→ Activity
Output only the lines of the entries that follow, starting at the one with "Microondas, horno, placa de cocina" and running down to the one with "For Lease - 924", both included and unchanged.

→ Information provided
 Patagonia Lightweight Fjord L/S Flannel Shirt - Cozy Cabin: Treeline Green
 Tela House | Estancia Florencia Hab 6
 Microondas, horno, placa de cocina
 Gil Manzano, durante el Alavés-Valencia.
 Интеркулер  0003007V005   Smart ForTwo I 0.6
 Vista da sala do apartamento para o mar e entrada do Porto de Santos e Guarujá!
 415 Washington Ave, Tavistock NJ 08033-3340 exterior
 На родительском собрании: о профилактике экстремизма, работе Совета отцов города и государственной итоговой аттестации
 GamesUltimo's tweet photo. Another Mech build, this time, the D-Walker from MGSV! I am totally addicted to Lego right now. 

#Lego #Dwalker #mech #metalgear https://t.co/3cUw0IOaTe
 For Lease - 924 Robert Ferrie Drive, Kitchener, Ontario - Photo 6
--
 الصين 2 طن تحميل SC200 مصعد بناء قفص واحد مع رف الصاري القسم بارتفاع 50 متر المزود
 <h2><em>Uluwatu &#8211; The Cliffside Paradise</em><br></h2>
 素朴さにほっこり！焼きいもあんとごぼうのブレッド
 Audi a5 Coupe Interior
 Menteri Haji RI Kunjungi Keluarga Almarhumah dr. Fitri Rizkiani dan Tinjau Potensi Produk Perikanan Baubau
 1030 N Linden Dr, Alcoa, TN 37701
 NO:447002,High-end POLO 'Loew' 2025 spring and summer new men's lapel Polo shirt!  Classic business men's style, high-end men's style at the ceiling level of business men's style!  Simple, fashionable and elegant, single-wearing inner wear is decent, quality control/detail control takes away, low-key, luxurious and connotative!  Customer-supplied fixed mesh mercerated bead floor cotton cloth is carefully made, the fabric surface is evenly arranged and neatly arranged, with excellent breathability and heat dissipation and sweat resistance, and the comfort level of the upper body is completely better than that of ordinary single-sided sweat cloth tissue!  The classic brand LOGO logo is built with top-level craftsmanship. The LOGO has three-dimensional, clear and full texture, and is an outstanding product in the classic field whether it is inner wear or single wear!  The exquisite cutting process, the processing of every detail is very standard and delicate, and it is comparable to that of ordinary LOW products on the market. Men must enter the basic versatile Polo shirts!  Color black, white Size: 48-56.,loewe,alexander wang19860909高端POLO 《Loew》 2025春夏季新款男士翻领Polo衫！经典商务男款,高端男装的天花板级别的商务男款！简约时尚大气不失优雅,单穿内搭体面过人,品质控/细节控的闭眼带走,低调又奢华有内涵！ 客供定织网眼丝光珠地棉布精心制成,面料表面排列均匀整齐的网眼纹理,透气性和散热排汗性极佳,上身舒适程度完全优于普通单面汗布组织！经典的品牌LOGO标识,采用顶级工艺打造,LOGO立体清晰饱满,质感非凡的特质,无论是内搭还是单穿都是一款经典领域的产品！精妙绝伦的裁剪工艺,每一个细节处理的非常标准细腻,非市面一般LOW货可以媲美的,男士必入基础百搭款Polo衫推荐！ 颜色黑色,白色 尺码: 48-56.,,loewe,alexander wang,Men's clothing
==
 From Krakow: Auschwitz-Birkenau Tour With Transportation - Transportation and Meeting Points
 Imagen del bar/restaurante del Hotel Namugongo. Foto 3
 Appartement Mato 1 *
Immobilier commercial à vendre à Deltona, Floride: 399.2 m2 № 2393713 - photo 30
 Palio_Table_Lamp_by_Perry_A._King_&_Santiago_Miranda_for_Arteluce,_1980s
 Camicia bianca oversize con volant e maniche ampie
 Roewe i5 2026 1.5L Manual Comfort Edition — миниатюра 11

→ Response box
 Microondas, horno, placa de cocina
 Gil Manzano, durante el Alavés-Valencia.
 Интеркулер  0003007V005   Smart ForTwo I 0.6
 Vista da sala do apartamento para o mar e entrada do Porto de Santos e Guarujá!
 415 Washington Ave, Tavistock NJ 08033-3340 exterior
 На родительском собрании: о профилактике экстремизма, работе Совета отцов города и государственной итоговой аттестации
 GamesUltimo's tweet photo. Another Mech build, this time, the D-Walker from MGSV! I am totally addicted to Lego right now. 

#Lego #Dwalker #mech #metalgear https://t.co/3cUw0IOaTe
 For Lease - 924 Robert Ferrie Drive, Kitchener, Ontario - Photo 6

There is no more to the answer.